**YOUR GOAL:**
Could you print every line from the first one of the records below through the line containing "Mágica Taza Morphing", with both included and nothing else?

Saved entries
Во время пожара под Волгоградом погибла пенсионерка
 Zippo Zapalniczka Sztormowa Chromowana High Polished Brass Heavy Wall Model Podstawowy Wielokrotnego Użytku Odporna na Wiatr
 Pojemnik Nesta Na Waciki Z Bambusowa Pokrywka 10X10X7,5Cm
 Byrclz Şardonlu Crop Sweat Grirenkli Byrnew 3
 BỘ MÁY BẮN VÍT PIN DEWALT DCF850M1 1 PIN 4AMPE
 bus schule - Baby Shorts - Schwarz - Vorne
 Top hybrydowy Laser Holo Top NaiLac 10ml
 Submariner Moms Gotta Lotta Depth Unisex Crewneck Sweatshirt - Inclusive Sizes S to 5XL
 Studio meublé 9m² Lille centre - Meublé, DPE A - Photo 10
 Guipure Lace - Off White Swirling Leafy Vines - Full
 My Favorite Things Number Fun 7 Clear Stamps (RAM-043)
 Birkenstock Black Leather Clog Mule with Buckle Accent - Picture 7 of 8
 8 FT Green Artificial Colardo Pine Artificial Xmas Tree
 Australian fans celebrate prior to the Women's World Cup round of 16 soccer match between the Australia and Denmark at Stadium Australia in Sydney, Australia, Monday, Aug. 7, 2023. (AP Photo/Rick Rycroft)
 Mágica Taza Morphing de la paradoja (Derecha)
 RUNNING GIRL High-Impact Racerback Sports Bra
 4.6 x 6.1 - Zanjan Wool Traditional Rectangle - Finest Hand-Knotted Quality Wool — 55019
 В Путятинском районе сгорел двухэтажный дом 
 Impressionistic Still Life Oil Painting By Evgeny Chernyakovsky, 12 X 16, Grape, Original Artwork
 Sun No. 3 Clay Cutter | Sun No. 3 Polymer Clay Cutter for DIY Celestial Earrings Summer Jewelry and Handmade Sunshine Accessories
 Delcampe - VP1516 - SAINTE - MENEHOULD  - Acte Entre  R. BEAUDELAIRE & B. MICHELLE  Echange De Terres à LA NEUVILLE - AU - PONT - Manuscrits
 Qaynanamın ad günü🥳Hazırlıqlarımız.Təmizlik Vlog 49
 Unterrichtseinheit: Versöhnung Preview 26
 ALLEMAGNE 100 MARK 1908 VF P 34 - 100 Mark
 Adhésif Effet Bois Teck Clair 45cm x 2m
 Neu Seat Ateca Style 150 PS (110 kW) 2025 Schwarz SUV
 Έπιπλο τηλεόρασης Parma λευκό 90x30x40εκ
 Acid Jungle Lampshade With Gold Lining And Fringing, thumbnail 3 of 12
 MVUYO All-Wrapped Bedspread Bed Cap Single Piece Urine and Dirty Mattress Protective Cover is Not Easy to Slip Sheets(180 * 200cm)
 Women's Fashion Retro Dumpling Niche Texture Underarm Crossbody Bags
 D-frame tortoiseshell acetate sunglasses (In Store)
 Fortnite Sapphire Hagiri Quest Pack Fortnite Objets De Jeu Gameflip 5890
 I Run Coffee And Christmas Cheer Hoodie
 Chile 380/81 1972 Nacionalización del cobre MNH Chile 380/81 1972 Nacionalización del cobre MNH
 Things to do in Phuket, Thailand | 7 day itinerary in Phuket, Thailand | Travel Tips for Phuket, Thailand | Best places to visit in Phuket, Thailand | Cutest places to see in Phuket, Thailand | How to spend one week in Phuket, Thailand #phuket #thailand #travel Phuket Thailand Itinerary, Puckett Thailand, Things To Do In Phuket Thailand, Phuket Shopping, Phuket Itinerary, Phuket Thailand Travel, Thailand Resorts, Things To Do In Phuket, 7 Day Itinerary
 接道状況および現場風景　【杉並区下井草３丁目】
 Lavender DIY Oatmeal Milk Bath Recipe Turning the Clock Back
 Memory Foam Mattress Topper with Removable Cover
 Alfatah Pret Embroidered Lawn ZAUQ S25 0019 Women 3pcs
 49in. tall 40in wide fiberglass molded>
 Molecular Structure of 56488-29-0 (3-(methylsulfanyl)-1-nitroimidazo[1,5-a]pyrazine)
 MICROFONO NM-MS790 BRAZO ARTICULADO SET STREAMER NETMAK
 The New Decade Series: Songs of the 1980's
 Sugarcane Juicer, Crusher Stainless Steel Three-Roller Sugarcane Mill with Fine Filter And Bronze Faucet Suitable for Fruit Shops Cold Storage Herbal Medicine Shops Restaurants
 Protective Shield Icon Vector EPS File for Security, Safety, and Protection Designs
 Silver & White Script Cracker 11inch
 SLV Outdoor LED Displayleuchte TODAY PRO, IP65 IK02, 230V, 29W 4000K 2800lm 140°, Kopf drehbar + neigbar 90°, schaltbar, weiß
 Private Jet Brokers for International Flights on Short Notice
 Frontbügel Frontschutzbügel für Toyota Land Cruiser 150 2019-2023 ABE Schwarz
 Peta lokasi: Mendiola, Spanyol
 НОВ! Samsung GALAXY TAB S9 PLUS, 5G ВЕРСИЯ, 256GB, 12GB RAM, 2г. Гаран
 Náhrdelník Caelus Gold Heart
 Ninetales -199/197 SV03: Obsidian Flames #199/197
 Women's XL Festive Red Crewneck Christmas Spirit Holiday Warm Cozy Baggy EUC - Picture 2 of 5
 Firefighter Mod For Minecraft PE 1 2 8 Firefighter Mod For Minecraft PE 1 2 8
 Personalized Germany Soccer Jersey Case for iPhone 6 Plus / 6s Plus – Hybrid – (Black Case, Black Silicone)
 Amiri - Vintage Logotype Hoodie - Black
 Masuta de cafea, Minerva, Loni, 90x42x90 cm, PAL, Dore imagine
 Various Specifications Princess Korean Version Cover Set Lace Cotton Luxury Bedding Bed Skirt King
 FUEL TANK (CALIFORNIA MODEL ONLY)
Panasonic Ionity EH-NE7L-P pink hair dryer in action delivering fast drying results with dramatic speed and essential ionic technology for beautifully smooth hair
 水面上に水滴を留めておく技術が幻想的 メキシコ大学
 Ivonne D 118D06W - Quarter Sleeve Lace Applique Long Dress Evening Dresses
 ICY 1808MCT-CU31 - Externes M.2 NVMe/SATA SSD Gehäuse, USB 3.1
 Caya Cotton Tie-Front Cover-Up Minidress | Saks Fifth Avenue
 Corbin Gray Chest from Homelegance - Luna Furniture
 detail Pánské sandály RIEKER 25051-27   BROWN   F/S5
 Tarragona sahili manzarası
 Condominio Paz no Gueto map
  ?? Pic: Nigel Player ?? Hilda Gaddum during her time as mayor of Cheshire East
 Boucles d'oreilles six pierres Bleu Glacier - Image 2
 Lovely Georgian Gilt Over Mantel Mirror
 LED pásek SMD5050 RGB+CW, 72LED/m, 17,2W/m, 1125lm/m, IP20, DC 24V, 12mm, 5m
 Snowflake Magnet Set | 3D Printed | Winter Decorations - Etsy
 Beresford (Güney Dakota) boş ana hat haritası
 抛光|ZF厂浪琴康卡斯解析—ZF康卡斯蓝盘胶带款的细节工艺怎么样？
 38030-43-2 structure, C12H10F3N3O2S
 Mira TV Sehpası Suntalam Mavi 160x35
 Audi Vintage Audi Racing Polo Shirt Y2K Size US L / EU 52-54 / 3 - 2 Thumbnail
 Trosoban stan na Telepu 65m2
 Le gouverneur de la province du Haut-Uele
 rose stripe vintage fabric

**PROBLEM SOLUTION:**
Во время пожара под Волгоградом погибла пенсионерка
 Zippo Zapalniczka Sztormowa Chromowana High Polished Brass Heavy Wall Model Podstawowy Wielokrotnego Użytku Odporna na Wiatr
 Pojemnik Nesta Na Waciki Z Bambusowa Pokrywka 10X10X7,5Cm
 Byrclz Şardonlu Crop Sweat Grirenkli Byrnew 3
 BỘ MÁY BẮN VÍT PIN DEWALT DCF850M1 1 PIN 4AMPE
 bus schule - Baby Shorts - Schwarz - Vorne
 Top hybrydowy Laser Holo Top NaiLac 10ml
 Submariner Moms Gotta Lotta Depth Unisex Crewneck Sweatshirt - Inclusive Sizes S to 5XL
 Studio meublé 9m² Lille centre - Meublé, DPE A - Photo 10
 Guipure Lace - Off White Swirling Leafy Vines - Full
 My Favorite Things Number Fun 7 Clear Stamps (RAM-043)
 Birkenstock Black Leather Clog Mule with Buckle Accent - Picture 7 of 8
 8 FT Green Artificial Colardo Pine Artificial Xmas Tree
 Australian fans celebrate prior to the Women's World Cup round of 16 soccer match between the Australia and Denmark at Stadium Australia in Sydney, Australia, Monday, Aug. 7, 2023. (AP Photo/Rick Rycroft)
 Mágica Taza Morphing de la paradoja (Derecha)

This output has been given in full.